_Goal of the exercise_. Search the records below for the word "Short". Pull out each line that has it.

_Data for processing_.
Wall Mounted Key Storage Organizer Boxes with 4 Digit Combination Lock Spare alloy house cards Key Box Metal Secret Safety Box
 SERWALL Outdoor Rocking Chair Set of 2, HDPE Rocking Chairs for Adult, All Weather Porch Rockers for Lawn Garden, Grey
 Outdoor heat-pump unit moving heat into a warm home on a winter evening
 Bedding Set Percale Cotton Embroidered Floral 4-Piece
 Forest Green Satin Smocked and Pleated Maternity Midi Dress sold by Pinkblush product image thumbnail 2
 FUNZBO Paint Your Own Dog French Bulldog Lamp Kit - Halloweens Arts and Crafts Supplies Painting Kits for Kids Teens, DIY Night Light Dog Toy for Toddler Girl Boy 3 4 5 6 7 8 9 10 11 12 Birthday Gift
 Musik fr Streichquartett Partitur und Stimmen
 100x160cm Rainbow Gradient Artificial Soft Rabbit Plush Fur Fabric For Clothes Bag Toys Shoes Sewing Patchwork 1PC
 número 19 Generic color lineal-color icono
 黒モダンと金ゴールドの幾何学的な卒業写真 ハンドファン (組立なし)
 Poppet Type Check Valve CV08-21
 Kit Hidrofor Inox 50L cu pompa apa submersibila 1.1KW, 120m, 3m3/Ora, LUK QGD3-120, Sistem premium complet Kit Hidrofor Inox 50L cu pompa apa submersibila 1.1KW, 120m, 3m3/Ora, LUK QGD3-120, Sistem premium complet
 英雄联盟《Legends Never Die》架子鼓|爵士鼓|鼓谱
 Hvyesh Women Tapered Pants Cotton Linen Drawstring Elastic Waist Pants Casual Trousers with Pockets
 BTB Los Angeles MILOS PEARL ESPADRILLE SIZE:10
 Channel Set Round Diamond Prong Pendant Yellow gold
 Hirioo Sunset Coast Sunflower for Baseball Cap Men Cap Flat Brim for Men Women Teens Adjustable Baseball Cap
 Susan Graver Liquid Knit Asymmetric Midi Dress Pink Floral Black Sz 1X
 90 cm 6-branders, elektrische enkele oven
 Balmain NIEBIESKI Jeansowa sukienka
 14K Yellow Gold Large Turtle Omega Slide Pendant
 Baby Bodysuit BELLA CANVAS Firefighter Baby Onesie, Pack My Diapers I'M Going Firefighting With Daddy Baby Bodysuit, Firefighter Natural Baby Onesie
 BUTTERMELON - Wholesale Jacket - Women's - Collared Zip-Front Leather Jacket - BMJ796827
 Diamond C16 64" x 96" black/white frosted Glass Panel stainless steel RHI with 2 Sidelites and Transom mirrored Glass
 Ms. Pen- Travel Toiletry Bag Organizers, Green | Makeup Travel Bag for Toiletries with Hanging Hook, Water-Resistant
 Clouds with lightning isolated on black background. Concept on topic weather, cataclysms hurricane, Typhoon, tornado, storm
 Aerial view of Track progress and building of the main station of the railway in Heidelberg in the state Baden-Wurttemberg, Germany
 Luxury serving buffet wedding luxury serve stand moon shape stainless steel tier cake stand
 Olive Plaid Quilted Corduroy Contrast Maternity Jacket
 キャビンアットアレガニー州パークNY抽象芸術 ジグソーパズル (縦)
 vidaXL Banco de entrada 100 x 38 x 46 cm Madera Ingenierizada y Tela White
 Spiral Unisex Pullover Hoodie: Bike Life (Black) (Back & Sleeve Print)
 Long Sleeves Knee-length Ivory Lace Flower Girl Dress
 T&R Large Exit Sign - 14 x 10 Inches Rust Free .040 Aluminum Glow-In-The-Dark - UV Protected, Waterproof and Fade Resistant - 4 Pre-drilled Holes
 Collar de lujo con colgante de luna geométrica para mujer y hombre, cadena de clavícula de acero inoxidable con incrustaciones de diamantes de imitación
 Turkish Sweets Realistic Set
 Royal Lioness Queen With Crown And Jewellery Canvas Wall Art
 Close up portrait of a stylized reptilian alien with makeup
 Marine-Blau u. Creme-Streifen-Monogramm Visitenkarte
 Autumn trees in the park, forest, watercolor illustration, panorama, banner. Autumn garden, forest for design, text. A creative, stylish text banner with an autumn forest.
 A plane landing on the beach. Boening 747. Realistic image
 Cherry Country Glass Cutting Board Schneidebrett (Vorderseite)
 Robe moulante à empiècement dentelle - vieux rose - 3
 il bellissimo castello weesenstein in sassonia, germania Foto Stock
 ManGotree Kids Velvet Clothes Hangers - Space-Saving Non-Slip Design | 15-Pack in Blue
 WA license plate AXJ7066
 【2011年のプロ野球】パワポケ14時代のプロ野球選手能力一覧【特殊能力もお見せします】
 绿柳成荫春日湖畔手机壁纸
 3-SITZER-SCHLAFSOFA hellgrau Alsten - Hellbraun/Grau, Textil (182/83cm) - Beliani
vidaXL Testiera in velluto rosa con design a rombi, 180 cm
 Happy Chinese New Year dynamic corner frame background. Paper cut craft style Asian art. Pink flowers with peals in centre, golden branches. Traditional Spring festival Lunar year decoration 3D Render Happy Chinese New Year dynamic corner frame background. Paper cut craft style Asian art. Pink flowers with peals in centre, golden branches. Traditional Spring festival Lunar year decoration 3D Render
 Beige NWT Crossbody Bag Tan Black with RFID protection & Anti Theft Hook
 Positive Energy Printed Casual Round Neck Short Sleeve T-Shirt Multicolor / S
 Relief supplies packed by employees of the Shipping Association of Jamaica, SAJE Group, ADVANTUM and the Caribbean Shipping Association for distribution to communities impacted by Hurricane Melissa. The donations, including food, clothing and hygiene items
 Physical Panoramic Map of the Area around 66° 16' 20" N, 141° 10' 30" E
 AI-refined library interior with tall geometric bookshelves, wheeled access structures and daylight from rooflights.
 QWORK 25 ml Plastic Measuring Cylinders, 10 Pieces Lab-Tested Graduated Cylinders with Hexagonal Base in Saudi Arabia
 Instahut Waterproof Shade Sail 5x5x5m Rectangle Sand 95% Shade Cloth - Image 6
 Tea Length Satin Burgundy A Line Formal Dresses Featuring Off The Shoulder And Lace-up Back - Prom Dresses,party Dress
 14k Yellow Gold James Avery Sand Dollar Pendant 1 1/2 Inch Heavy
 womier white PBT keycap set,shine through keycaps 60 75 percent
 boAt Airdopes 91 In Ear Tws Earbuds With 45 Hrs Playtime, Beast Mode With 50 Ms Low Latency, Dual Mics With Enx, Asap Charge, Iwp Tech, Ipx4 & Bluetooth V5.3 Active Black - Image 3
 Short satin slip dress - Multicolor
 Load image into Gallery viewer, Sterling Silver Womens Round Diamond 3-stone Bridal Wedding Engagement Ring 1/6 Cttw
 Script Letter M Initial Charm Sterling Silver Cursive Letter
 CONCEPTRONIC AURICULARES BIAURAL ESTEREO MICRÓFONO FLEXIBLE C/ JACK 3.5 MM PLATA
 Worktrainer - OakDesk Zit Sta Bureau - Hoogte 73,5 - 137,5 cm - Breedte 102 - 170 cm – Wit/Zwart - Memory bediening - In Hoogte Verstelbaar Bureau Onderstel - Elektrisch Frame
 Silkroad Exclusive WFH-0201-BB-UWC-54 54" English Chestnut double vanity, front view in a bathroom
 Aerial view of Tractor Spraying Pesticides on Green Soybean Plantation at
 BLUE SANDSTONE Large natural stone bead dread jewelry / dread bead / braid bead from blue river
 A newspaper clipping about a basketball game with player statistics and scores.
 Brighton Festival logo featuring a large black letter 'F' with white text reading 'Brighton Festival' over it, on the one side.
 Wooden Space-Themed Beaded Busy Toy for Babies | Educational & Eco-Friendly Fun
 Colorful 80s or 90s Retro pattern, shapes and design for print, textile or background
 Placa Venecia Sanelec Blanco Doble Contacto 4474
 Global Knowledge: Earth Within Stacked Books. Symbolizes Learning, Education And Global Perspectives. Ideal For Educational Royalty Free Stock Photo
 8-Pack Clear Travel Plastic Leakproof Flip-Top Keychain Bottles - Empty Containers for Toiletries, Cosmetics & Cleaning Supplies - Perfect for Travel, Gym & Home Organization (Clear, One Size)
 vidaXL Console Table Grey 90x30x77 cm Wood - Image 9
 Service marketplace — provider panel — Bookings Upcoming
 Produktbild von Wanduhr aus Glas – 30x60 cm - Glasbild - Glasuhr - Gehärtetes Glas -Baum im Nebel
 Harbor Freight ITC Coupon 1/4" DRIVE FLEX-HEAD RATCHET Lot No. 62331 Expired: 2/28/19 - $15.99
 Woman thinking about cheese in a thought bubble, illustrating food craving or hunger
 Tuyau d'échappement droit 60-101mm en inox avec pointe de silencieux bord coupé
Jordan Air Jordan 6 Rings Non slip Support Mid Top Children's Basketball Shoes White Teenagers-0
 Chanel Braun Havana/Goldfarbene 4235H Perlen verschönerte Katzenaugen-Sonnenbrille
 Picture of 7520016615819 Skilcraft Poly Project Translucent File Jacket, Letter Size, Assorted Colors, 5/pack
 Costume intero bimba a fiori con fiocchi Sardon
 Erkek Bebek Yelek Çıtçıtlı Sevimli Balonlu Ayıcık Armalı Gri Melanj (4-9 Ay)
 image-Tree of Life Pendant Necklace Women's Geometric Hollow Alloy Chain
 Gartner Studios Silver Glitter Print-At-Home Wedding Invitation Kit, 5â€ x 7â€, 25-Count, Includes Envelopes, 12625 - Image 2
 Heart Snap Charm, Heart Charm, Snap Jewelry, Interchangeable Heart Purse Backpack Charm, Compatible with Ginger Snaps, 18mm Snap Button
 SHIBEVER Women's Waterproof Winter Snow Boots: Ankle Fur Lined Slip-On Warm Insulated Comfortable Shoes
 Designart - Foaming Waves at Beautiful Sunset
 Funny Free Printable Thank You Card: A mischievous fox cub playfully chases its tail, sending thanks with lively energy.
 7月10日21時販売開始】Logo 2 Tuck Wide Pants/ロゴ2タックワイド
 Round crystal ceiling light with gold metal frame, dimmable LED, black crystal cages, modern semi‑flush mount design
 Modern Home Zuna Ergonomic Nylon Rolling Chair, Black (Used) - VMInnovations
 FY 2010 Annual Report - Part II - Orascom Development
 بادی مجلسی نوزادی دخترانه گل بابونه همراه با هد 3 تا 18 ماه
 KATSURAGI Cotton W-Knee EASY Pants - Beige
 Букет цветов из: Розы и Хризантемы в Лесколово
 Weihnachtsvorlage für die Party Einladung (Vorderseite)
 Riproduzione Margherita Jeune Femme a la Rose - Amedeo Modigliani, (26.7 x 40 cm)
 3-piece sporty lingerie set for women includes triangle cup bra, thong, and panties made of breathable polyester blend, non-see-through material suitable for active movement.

_Reply_.
 Positive Energy Printed Casual Round Neck Short Sleeve T-Shirt Multicolor / S
 Short satin slip dress - Multicolor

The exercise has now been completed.